But what was interesting about that was that, you know, I was working with a lot of people. And what I was thinking about that was that we've now, we went to a software world. And then for, after 1996, what happened was slowly we've been trying to get that frame size to grow.

So it's in stretching that frame size, it's in codec developments and increasing the data rate. Can we actually stretch that size out to be full size? And we've almost achieved that. But there was an announcement yesterday, very significant announcement for anyone making digital media. Which is that Apple's going to include a new H.264 codec in the next version of the OS in the Tiger operating system.

Now what's really exciting about that is that right now we can do a fairly good job of stretching MPEG-4 to full screen, full motion. It's pretty difficult to get it. But if we increase the video by a factor of four, that's going to look fantastic. So we really look to MPEG-4 to deliver that.

And we're going to use MPEG-4 to deliver a software version of a codec that is full screen, full motion. Now, the interesting thing for me is just about the time right now that we're getting that together. There's a new thing on the horizon. And that is everyone's driving around in their car with their Wi-Fi, at least in Hong Kong. They're watching video on these portable formats.

So again, what's kind of interesting about this is we work really hard to make it full screen, full motion on software. And they invent a new platform for us. So this is a Clie. This is a TJ37. And what this is is a 200 megahertz CPU. So again, what they've done is they took my Beige G3 or so and they shrank it.

Switch to my machine for a second please.

And so what this is just a picture of relative frame sizes for you. So again, the big white box is our 1920 by 1080 frame size. The next box is our 1280 x 720 frame size. Here's our 720 x 480. Here's our 320 x 240 standard web size.

Here is our 160 x 120 cell phone size. One of the ways we are reducing data is by stretching the frame size down. We can do the same thing with frame rate, but we are a little less forgiving with frame rate because that has to do with temporal motion or motion over time. Again, what you want to be aware of about frame rates is that we have really good eyes as far as seeing deteriorated motion and motion resolution.

What we really want to do is preserve motion wherever possible. You have to really look at your content to see how fast it is moving to determine whether or not you can switch the frame rate. I kind of go back and forth on this and I am currently in a personal phase where I try to keep my frame rates matching as much as possible. I will make my frame rates 29.97 or 24.

You can hit 15 or 7 at lower bit rates, but again, the movie gets choppy. The nice thing about that is, again, with QuickTime as the technology, that choppiness will at least be consistent. You won't get snappy video, you will get choppy video. That is why I am an expert in choppy video. Great, we can go off of there. Back to the video.

Okay, so actually I want to do a little bit of a demo now and just talk a little bit about distribution. There's going to be some seminars. We can go actually back to my machine. There's going to be some sessions during the week about

So I'm going to be using Cleaner as an application to sort of talk for a minute about the process of distribution and how to get the most out of it. The reason why I want to use Cleaner here is because we're going to be talking about pre-processing.

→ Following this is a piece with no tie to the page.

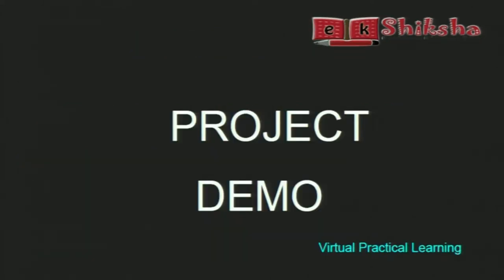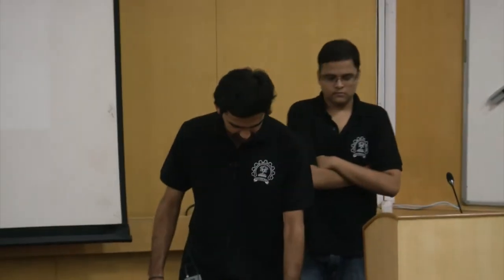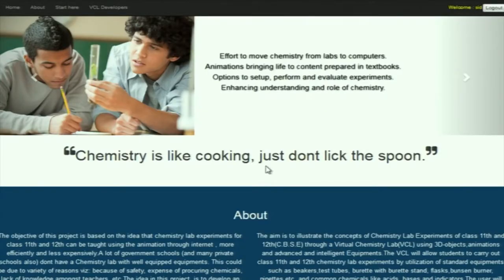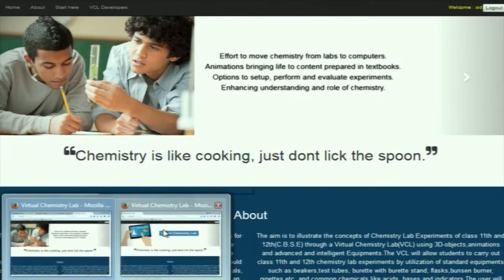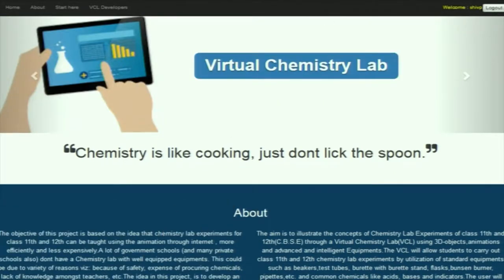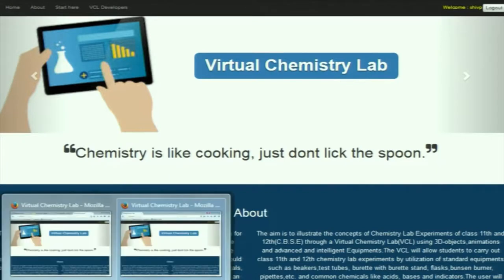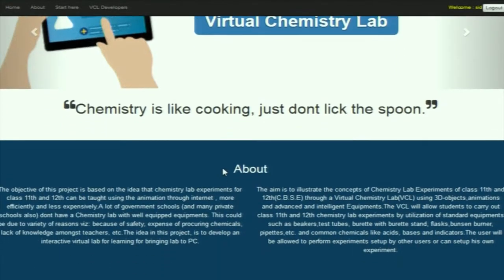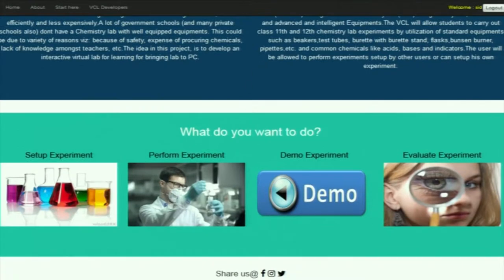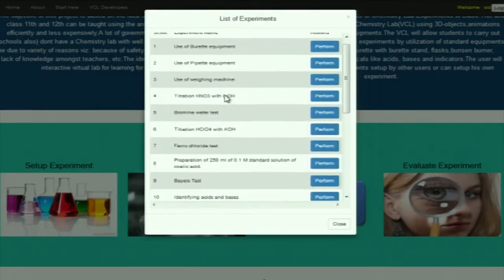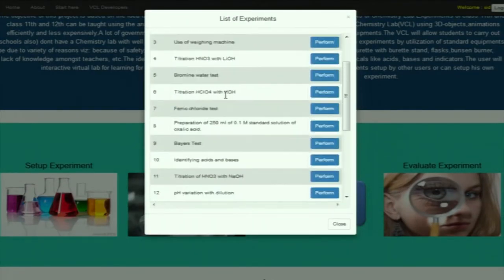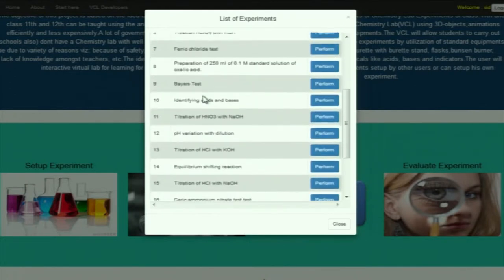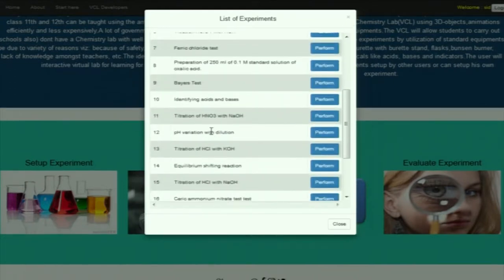Now Siddharth is going to show the project demo. Hi, I am Siddharth Charya and I will be showing you a demonstration of our project VCL. I am logged in to two accounts — one is mine and in incognito I have logged in with my co-intern account. The main functionality we have is we have implemented CBSE class 11th and 12th experiments.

When you spend your time creating your content, you don't really want to think about color values and things like that. You really want to have a time when you're being creative and assembling your media. But at a certain level, you have to come back and take a look at that media in terms of distribution and go, "Okay, now I need to distribute this. I need to shrink this thing down many hundreds of times smaller than its original.

How do I do that?" And that's where compression applications offer you these pre-processing. So the first thing, again, video, when it's shot, it's shot in fields. So we talked about this before where you actually have alternating fields. The reason for that is that when we started, remember that a computer display has a pixel on it.

A single pixel is going to shoot that always on when you see that display on your computer. Well, a television works a little bit different. It's a little more arcane, if you will. A television works by scanning every line. It draws one line in a 30th of a second.

Then it goes back and draws another line in a 30th of a second. That's called interlaced video. Again, a field that's made up of these alternating fields. They're scanned even and odd depending on your video format. So DV, it's even, odd, even, odd, even, odd. And again, that alternating back and forth happens at the point of the camera. So all of your video resolution is caught in that alternating field.

And when you digitize that video, those alternating fields are also captured. And if you produce your video and output it at full resolution, those alternating fields are maintained through that process when you're doing video. So what happens is when you get to the computer screen to view that video, all of a sudden you have a problem because the computer video doesn't display that way. It's always on.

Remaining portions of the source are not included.